Not so these days. Consider conservative presidential primary contender Vivek Ramaswamy during the recent Republican debates. Responding to former vice-president Mike Pence’s insistence that Americans (and implicitly the party) didn’t need a new identity or new solutions, Ramaswamy snapped, “It is not morning in America. We live in a dark moment, and we have to confront the fact . . .”
Some Republicans are talking as much about market failures as solutions these days. Consider the on-again, off-again Trump-supporting conservative columnist Sohrab Ahmari, whose recent book, Tyranny, Inc: How Private Power Crushed American Liberty — and What To Do About It, has been praised by progressives.
Like the former president and other conservatives, Ahmari is against the sort of “woke” capitalism that puts companies in the crosshairs of social justice issues. But he also sounds positively Marxist in his critique of how the owners of capital oppress labour. And the issues he raises about what should and shouldn’t be off-limits in capitalism — he’s against, for example, the commercialisation of child-bearing via interventions like paid surrogacy — aren’t so very different from the moral limits of markets explored by Harvard professor Michael Sandel, a prominent critic of free market orthodoxy, in his book What Money Can’t Buy.

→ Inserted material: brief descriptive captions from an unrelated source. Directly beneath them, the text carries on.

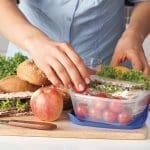 Woman in blue t-shirt preparing a lunchbox in the kitchen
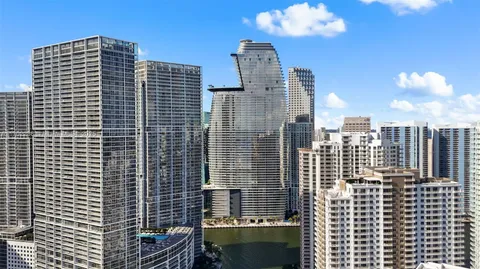 a view of a city with tall buildings
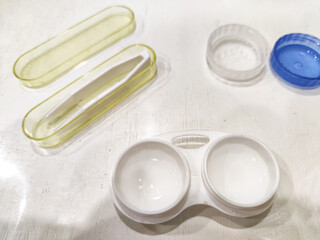 Assorted contact lenses cases and tools displayed on a flat surface in a bright room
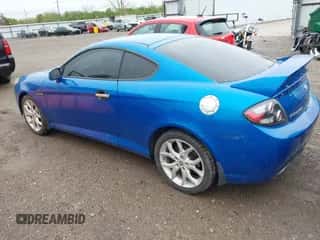 2008 Hyundai Tiburon GT z VIN KMHHN66FX8U282926, wystawiony jako IAAI lot #41959023 z przebiegiem 119 414 mil mil oraz . Historia ofert i sprzedaży dostępna na DreamBid. Obrazek 3.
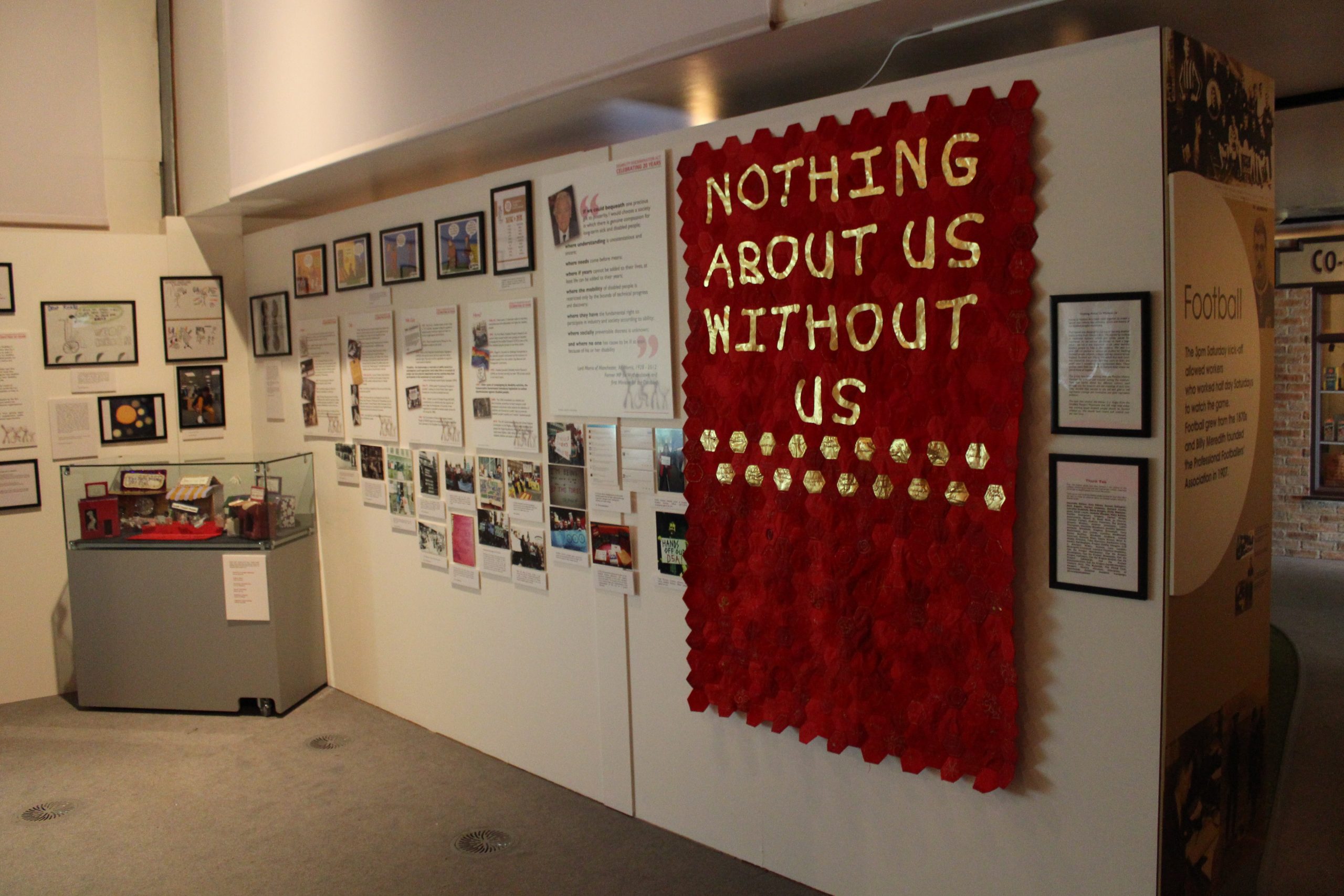 The Disability Discrimination Act, Celebrating 20 Years exhibition at People's History Museum, 2015. Photograph of an L shaped exhibition wall covered with images and text panels. At the right end of the wall is a red banner made up of small hexagons of material with gold lettering that reads ‘Nothing About Us Without Us’. At the left end of the wall is a glass case containing small objects.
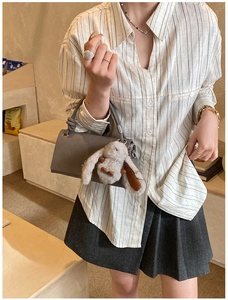 Detail of gray matte leather crossbody bag with cute plush rabbit pendant charm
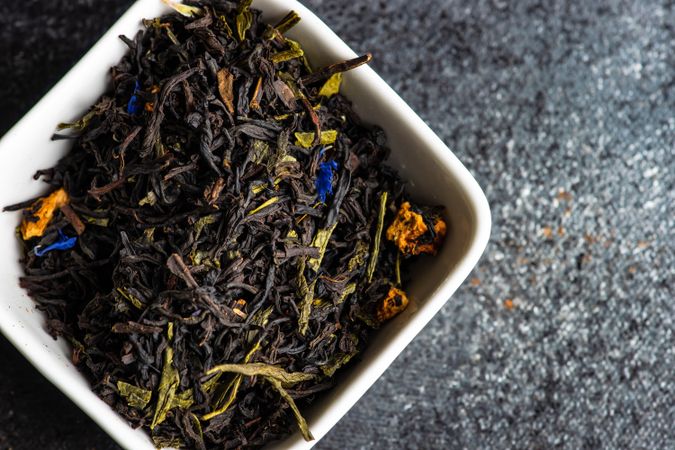 Fragrant loose leaf tea in bowl on counter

There is much political hay for Republicans to make in connecting the erosion of moral values to the explosion of consumerism in a late stage capitalist society. Former Trump US trade representative Robert Lighthizer, for example, has often criticised neoliberal trade policy (by which he means the unfettered flow of capital and goods to the cheapest and most profitable manufacturing locales) as “trading the future control of our country, the wealth of our children and grandchildren, for current consumption — cheaper TV sets and sneakers. This is madness.”
Such sentiments are simple common sense to most people in the US once you move away from the power hubs on the coasts. As conservative think-tank American Compass has argued, middle-American Republicans and Democrats alike tend to be more interested in income and job growth than the value of their 401Ks. They are willing to sacrifice a certain amount of career advancement in exchange for more family time, have mixed views on abortion and are less likely to see pricey elite colleges as the best way to economic advancement.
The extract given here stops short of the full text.